Эта умственно ущербная личность, по мнению Троцкого, была наделена и множеством моральных изъянов: «Ненависть к сильным мира сего всегда была его главным двигателем как революционера, а не симпатии к угнетенным». Соединение злобной души и серого ума проявлялось и в поведении Сталина: «Он чувствует себя провинциалом, продвигается вперед медленно, ступает тяжело и завистливо озирается по сторонам… В Политбюро он почти всегда оставался молчаливым и угрюмым. Только в кругу людей первобытных, решительных и не связанных предрассудками, он становился ровнее и приветливее. В тюрьме он легче сходился с уголовными арестантами, чем с политическими. Грубость представляет органическое свойство Сталина».
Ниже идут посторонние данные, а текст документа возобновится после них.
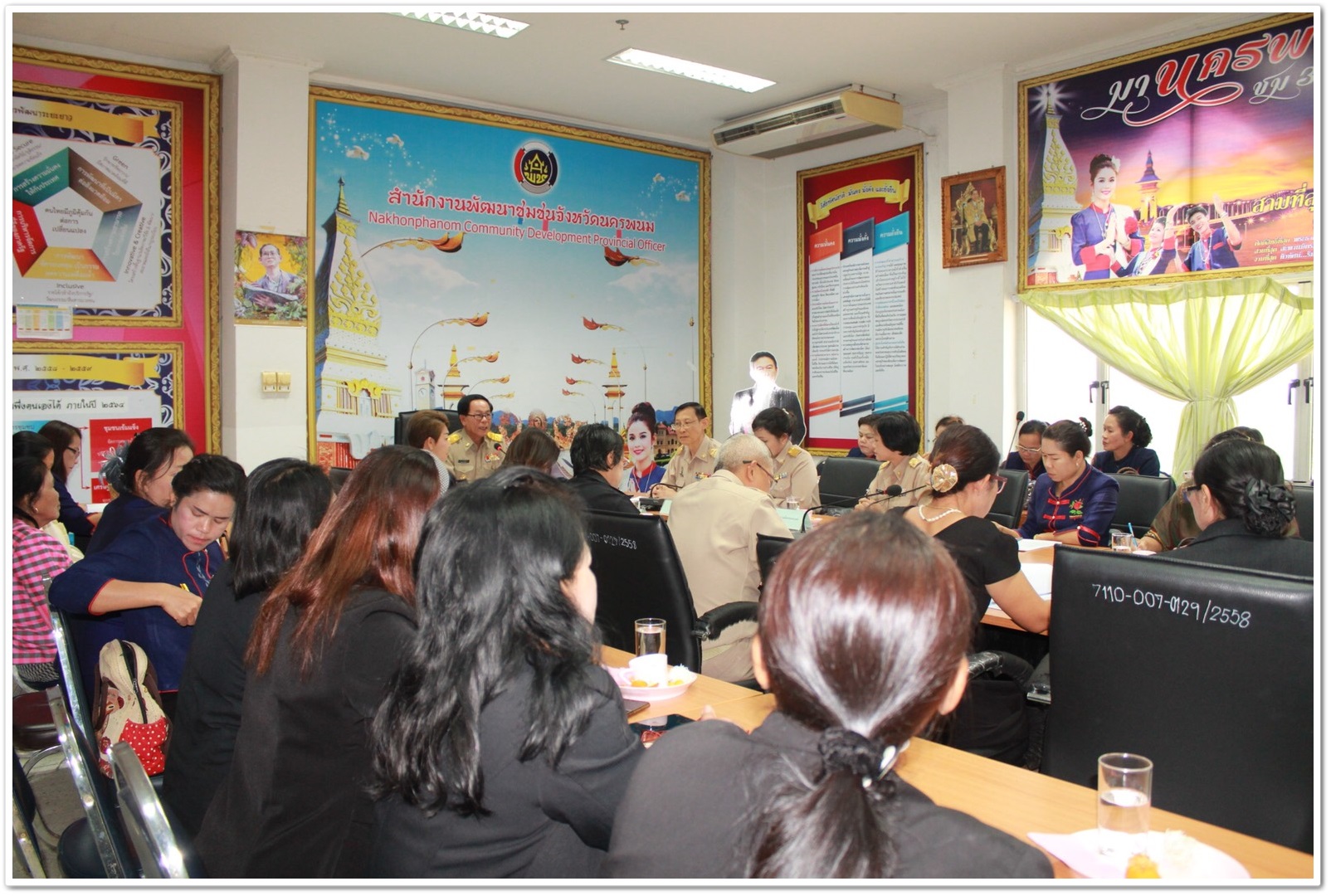 พช.นครพนม-ประชุมคณะกรรมการพัฒนาสตรีจังหวัดนครพนม (กพสจ.) ครั้งที่ 1/2561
Для подтверждения своих утверждений Троцкий сбивался на тон склочного соседа по подъезду. Он сообщал о том, как Сталин нарушал постановление и заставлял шофера въезжать под арку в Кремле после 11 часов вечера (что беспокоило Троцкого), подробно приводя свою перепалку с несчастным водителем. Троцкий повторял рассказы секретаря Сталина о поведении Генерального секретаря у себя дома и вводил читателей в курс тяжбы о квартире Сталина в Кремле, в которой участвовала жена Троцкого, Седова.
Поскольку поверить в реальность столь однозначного описания Сталина было трудно, Троцкий объяснял, что столь неправдоподобное сочетание глупости и низости возможно лишь в искусственной конструкции: «Аппарат создал Сталина. Но аппарат есть мертвая машина, которая… не способна к творчеству… Сталин есть самая выдающаяся посредственность бюрократии».
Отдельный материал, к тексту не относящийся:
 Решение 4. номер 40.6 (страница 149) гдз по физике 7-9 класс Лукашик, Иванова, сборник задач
Троцкий не желал замечать, что его собственное поражение объяснялось в том числе и многими сильными чертами Сталина, в частности, его терпением, его умением дотошно и глубоко изучать любой вопрос государственного значения, в том числе с помощью внимательного выслушивания мнений специалистов этого дела, его выдержкой и сдержанностью, то есть тех качеств, которых так не хватало самому Троцкому. Однако в своей критике Сталина Троцкий опирался на голословные утверждения, подкрепленные лишь бытовыми сплетнями и хлесткими фельетонными фразами.
Подобным же нападкам подвергались и люди из окружения Сталина. Вероятно, для ряда критических замечаний Троцкого в их адрес были основания. Многие из руководителей, поднявшиеся на волне Октябрьской революции и Гражданской войны, были далеки от совершенства. Однако, утверждая о непреодолимом водоразделе между «сталинской гвардией» и своими сторонниками по деловым, общекультурным, моральным и прочим качествам, Троцкий допускал неоправданное преувеличение. Ни образование, ни профессиональный и жизненный опыт, ни уровень общей культуры, ни их реальные достижения не позволяли Антонову-Овсеенко, И. Смирнову, Склянскому, Розенгольцу и другим вождям Реввоенсовета и Цектрана претендовать на более высокие качества, чем «сталинская гвардия» в лице Молотова, Ворошилова, Кагановича, Куйбышева и других деятелей политбюро. Проклятия в адрес «сталинской бюрократии» помогали Троцкому объяснить собственный провал. Троцкий старался убедить своих читателей, что лишь тупая и серая публика была не способна оценить его отвергнутый талант и восхищаться такой «посредственностью», как Сталин.
Но Троцкий был занят не только сочинением памфлетов в адрес Сталина и переписыванием истории с тем, чтобы доказать свою выдающуюся роль в революции и ничтожность своих соперников. Он хотел победить Сталина и его систему не только в прошлом, но и в настоящей жизни. Оказавшись за пределами СССР, он предпринимал попытки взять реванш в новой партии политической игры.